Florinda Soldani, an Aberdeen-based senior associate in Dentons’ Dispute Resolution team, tells Project Scotland of the potential implications for the construction industry if changes to the law on prescription are implemented
PROPOSED changes to the law on prescription – the ’time bar’ for civil damages claims – could see businesses in the construction sector facing legal action in cases where claims would be time-barred under the current rules.
Currently, parties looking to claim damages in a civil dispute generally have five years to do so – but the strict interpretation of this rule has led to its review. Of course, disputes in the construction sector can often be resolved by the mechanism provided in the Housing Grants, Construction and Regeneration Act 1996, which gives parties to qualifying contracts various rights and remedies, including the right to refer a dispute to adjudication.
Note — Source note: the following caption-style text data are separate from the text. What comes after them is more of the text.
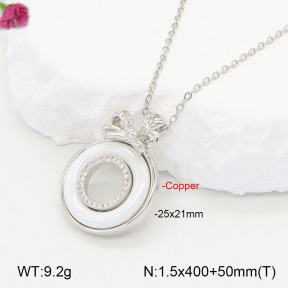 F2N401099bhia-J31  Fashion Copper Necklace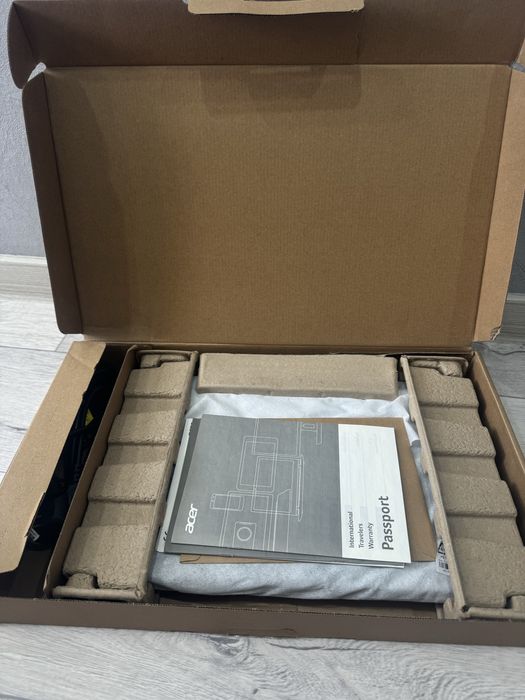 Новый ноутбук, Acer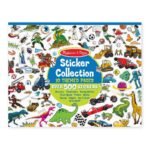 500 lipdukų rinkinys berniukams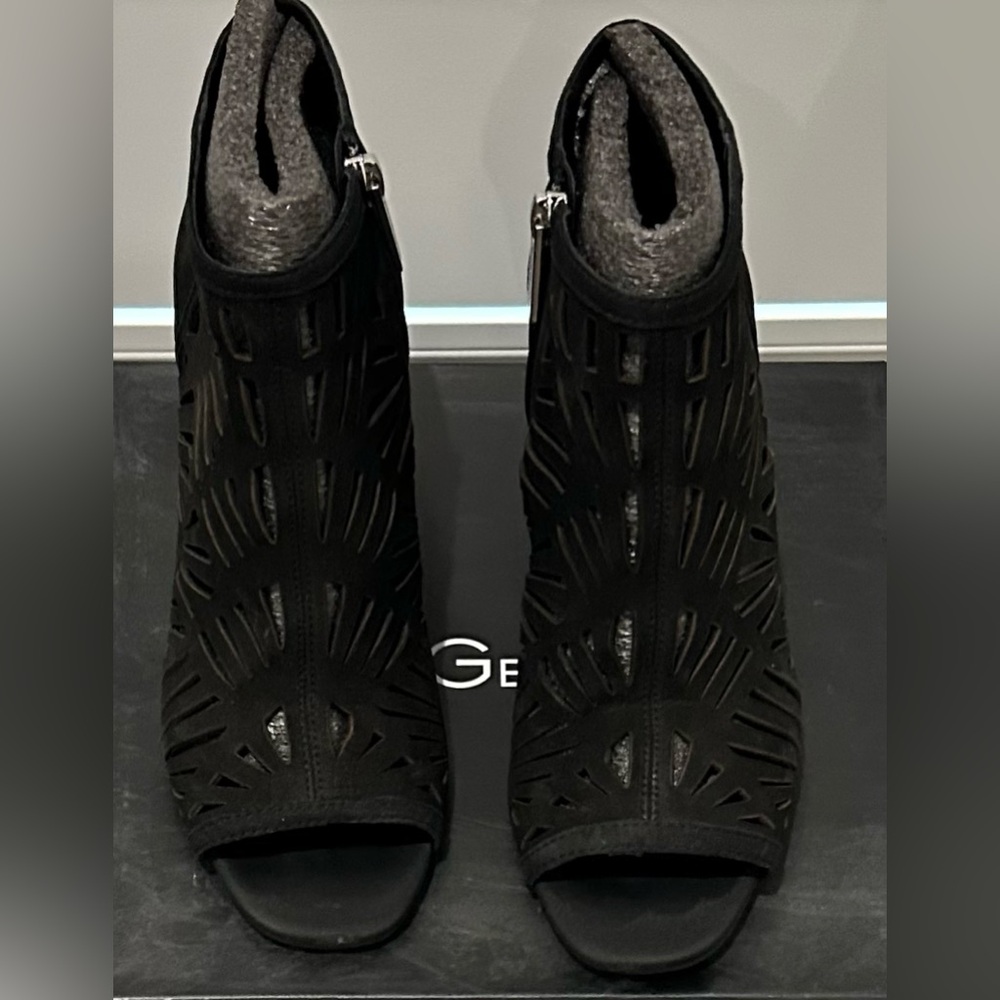 Bcbgeneration Laser Cut Booties - image 2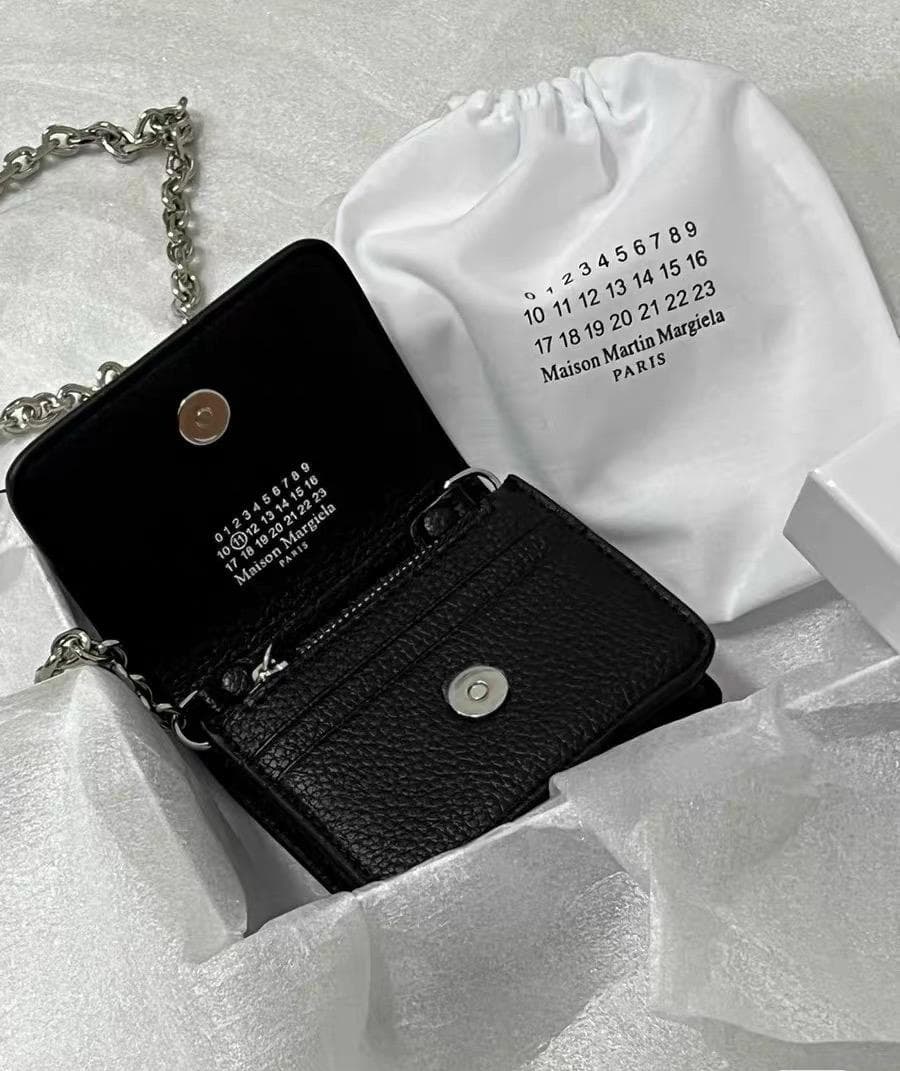 マルジェラブラック 二つ折り財布 ハンドバッグ ショルダーバッグ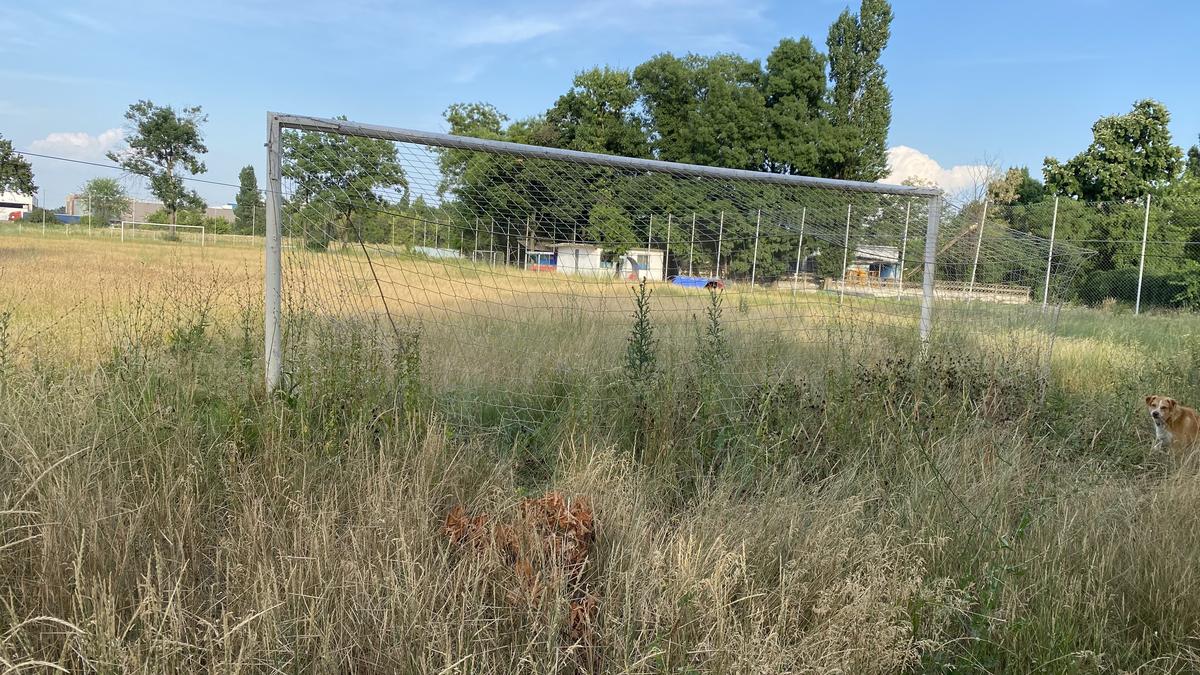 Baza sportivă inaugurată în 2020 de Firea a ajuns un DEZASTRU! Imagini deplorabile din Sectorul 3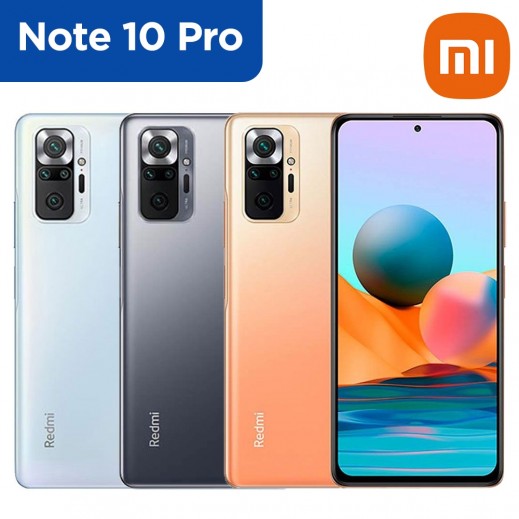 شاومى - هاتف ذكى  Redmi Note 10 Pro سعة 128 جيجابايت 4G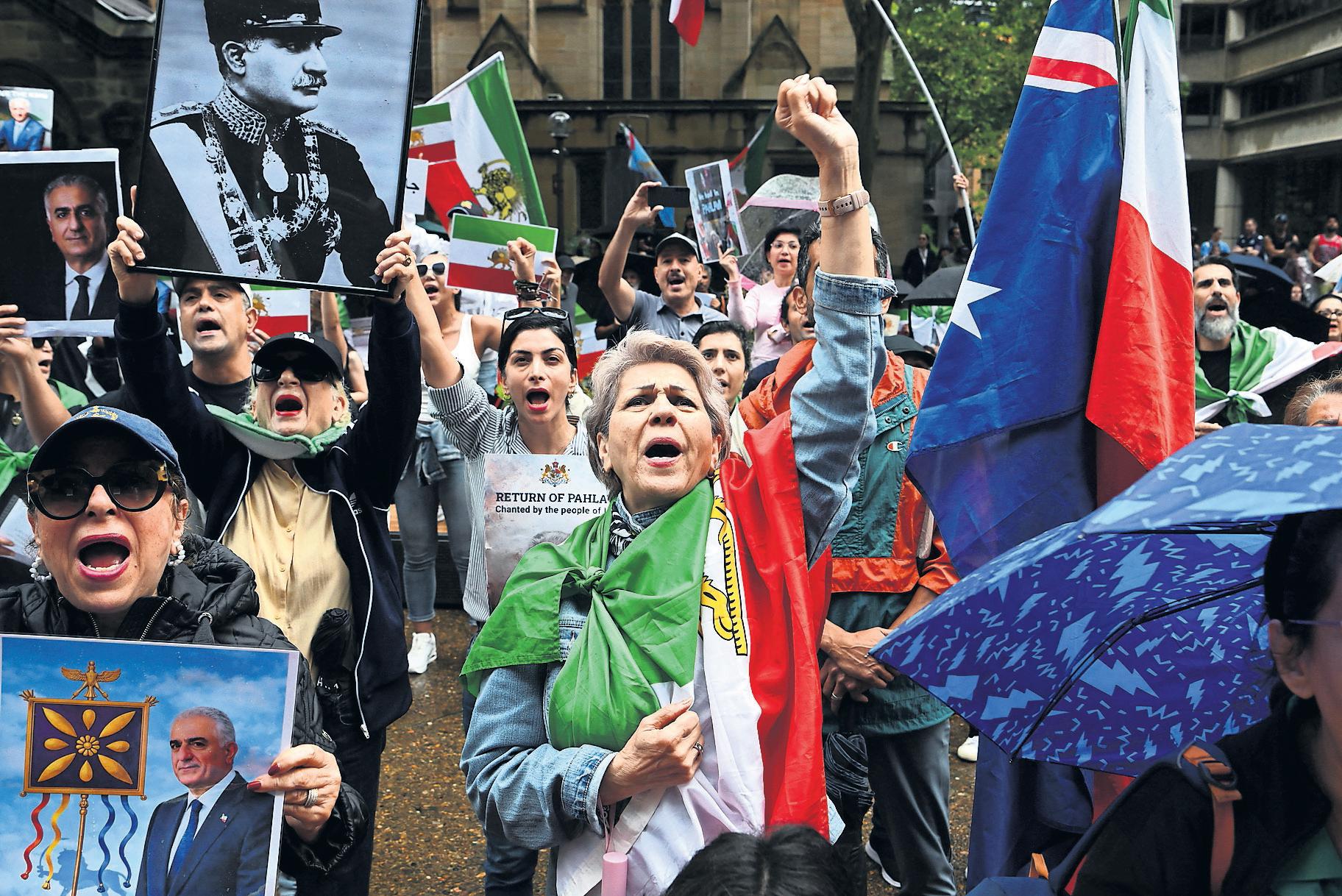 Iran protests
Nevertheless, it is important to remember that bringing a claim in the civil courts is the default remedy for resolving legal disputes.
Given the time span of construction projects and the difficulties establishing who is responsible when something goes wrong, the proposed changes are highly relevant to the sector.
The current position is that claims for damages for breach of contract, negligence or fault (other than for personal injury) are time-barred if a civil claim is not commenced within five years of the date on which “the loss, injury or damage occurred”. While at first glance this may appear straightforward, a number of recent decisions have highlighted the need for reform.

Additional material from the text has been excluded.